The second source of failure is me. If I delete a file or mis-modify it while inebriated, I still want to keep the old copy around for a while in case the deletion was the wrong thing to do. I want a snapshot of the system as it looked on any given day.
A backup system has two parts: a store of files, and an index that lets you view your directories as they were on a given date. From week to week, most of your files won’t change, even if you move or rename them, so it makes sense for each week’s directory snapshot to point to the same file in the file store if there were no changes.
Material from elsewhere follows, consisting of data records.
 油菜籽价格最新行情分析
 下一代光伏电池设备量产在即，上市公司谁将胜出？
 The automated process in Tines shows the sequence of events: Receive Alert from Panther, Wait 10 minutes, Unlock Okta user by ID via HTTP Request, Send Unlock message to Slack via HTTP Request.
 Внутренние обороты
Typically, loading up such a system takes a long time for the first snapshot, and then takes a fraction of the time for the next incremental snapshot.
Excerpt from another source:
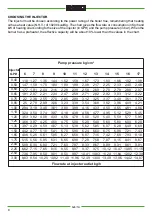 Preview for 8 page of Ferroli SUN G.6 Installation, Use And Maintenance Instructions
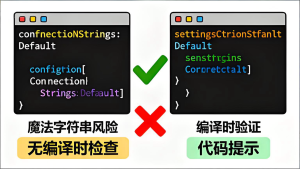 C#中Configuration配置系统常见问题：多环境配置、热重载与类型安全访问-Vc博客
If you have a million files named project-1April20.doc, project-2April20.doc, project-3April20.doc, maybe you can delete them after you’ve set up the backups. If you put the project itself under revision control like git or mercurial, then you won’t even need one of those home made backups.
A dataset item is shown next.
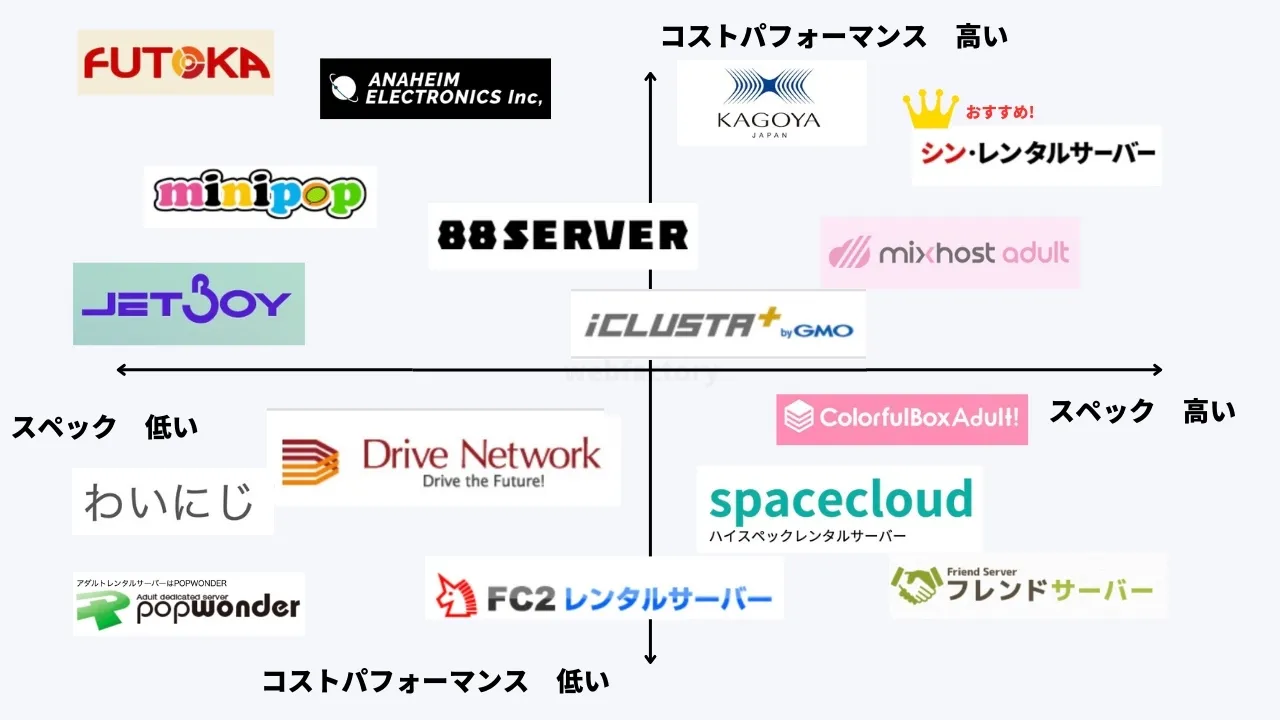 おすすめアダルトレンタルサーバーのマトリックス図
Apple offers Time Machine, which works in a manner comparable to the one-liner in the technical parenthetical you will be skipping below. You can pay Apple for space on their cloud for the backup database, at prices competitive to Digital Ocean, Backblaze, and all the others at the cost of being tied to Apple products for life.
I’ve been using Restic, an open-source backup program designed around using S3s to store that sequence of snapshots. Also, it encrypts everything, which is nice if you’re feeling paranoid.
Borg, the lead alternative, didn’t work reliably for me on S3s mounted via ssh. Maybe I did something wrong. I didn’t try rclone. It seems to be a reimplementation of a Linux/GNU one-liner for the S3s.
[Technical: here it is, the one-line complete not-for-S3s backup system.
rsync -aPH --delete /directory/to/back/up ./current; cp -al current `date +%y-%m-%d`
It’s a space and two dashes in front of ‘delete’, in case Medium turns it into an em dash. If you’re on a Macintosh personal computer cp won’t have the -l option to generate hard links (it’s GNU), so replace the cp with:
mkdir `date +%d-%b-%y`; pax -r -w -l current `date +%d-%b-%y`
]
So, this is not complicated stuff. If you’re uncomfortable with the command line (Don’t be — there are millions of people like you who got over the initial intimidation and worked it out), there are GUI front-ends; just search for ‘restic gui’ or what-have-you. There are also commercial vendors who provide GUIs to do the same thing, which I sometimes suspect are also front-ends to the above tools but now you pay somebody for them.
For me, once a week, a script on that Digital Ocean virtual machine in the Cloud/Ocean writes a new incremental snapshot of all the above bits (the media and the things on the shelf both inactive and active) to a backup database stored in a separate bucket. Or if you aren’t sure how to schedule a task [Linux/Mac: ask The Internet how to use cron or crontab.] you can set a calendar reminder.
** The other half
We can trust the storage providers to have redundancy for hardware failures. But what if the revolution comes and we can’t access the Internet?
So, I also keep hard drives at home for backups, which are copies of whatever is in The Cloud. Having hard drives on the shelf is a step back from being fully in The Cloud, but paranoia is good for you and having only one copy of your entire digital life is not advisable. You could instead get a second set of S3 buckets with a different provider to get some redundancy.
(Tip: you can buy an empty SATA drive dock or drive case which you can use to plug in a bare SATA disk drive. This is more efficient if you want a few drives for different purposes, and is cheaper but identical to buying a more consumer-focused external drive where you can’t open the case. To give you a sense of how hi-tech this will make you feel, there was a Joss Wheedon sci-fi TV show, Dollhouse, where they prominently used such a system as a key part of the sci-fi technology.)
It’s not jet packs, but when the revolution comes and all you have is a telephone or a laptop you stole from somebody’s kitchen, you can still have all your data history, all the media that brings you joy, and can still be most of the way to fully work- and data-functional.